Hat Tip: Michael Duff
As the new Employment Law Restatement approaches final form, we can expect another wave of academic commentary, and I was fortunate enough to be present last week at the first such effort, a Symposium hosted at Ithaca hosted by the Cornell Law Review. Some of the papers are already available on SSRN, including Michael Harper's Fashioning a General Common Law for Employment in the Age of Statutes and Robert Hillman's Drafting Chapter 2 of the ALI's Employment Law Restatement in the Shadow of Contract Law: An Assessment of the Challenges and Results.
I assume the other papers will be available on SSRN soon, and, in any event, will be published in the Cornell Law Review in the spring. They include Steve Willborn's assessment of Chapter 7, Privacy; two offerings on Chapter 8, Employee Obligations and Restrictive Covenant, one by Mike Selmi and another by Deborah DeMott; and my own musings on Chapter 9, Remedies.
Most of the panels featured one of the Reporters for the project, and I was struck by their openness to addressing "scrivener's errors" even at this late stage. Those working from the April Proposed Final Draft considered by the American Law Institute in May should be aware of one major change (the final version will take no position on whether the wrongful discharge tort will extend to wrongful discipline short of constructive discharge) and perhaps a number of less significant ones.
And I forgot to mention the retitling -- it is no longer the Restatement (Third) of Employment Law -- the "Third" having been jettisoned. Much more sensible since as we all know there was never a First or Second version of this Restatement. If you're wondering, I think the idea for the original title was that this was part of the Third series of Restatements.
As is well known, this Restatement was more controversial than most ALI efforts, due largely to the opposition of the Labor Law Group. And that controversy will continue -- both in the law reviews and in the courts.
One measure of success, of course, is acceptance by the courts, and on that measure the Restatement is off to an ironic start. The first judicial opinion to cite it, Tamosaitis v. URS Inc., 2014 U.S. App. LEXIS 21314 (9th Cir. Wash. Nov. 7, 2014), written by Judge Berzon (who was present at the Symposium) looked at the Proposed Final Version's treatment of the tort of wrongful discipline. As I noted above, however, the Institute itself retreated from that position in May to adopt an agnostic stance about whether the tort reached so far.

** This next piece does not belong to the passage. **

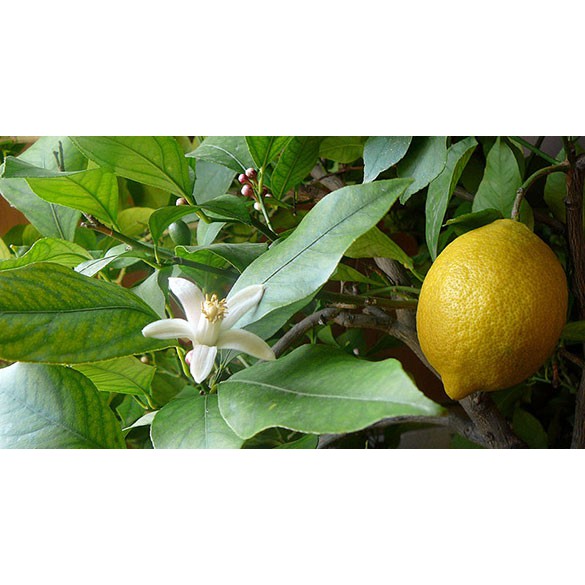 ออสเตรเลียน เลมอน (australian Lemon) | Shopee Thailand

Another metric, of course, is how well the Restatement maps onto the case law. That, of course, is what a Restatement is (mostly) supposed to do according to the ALI, and we can expect a number of good analyses in that regard.
Yet another metric is the internal consistency or overarching theoretic structure of a Restatment. In this regard for example, Steve Willborn's critique of the Privacy chapter stands out as a signal contribution. Worth a read also is Professor Hillman's work, which finds that the Restatement does no worse than contract law generally in failing to articulate a unifying theory of several of the contracts-related subjects it addresses.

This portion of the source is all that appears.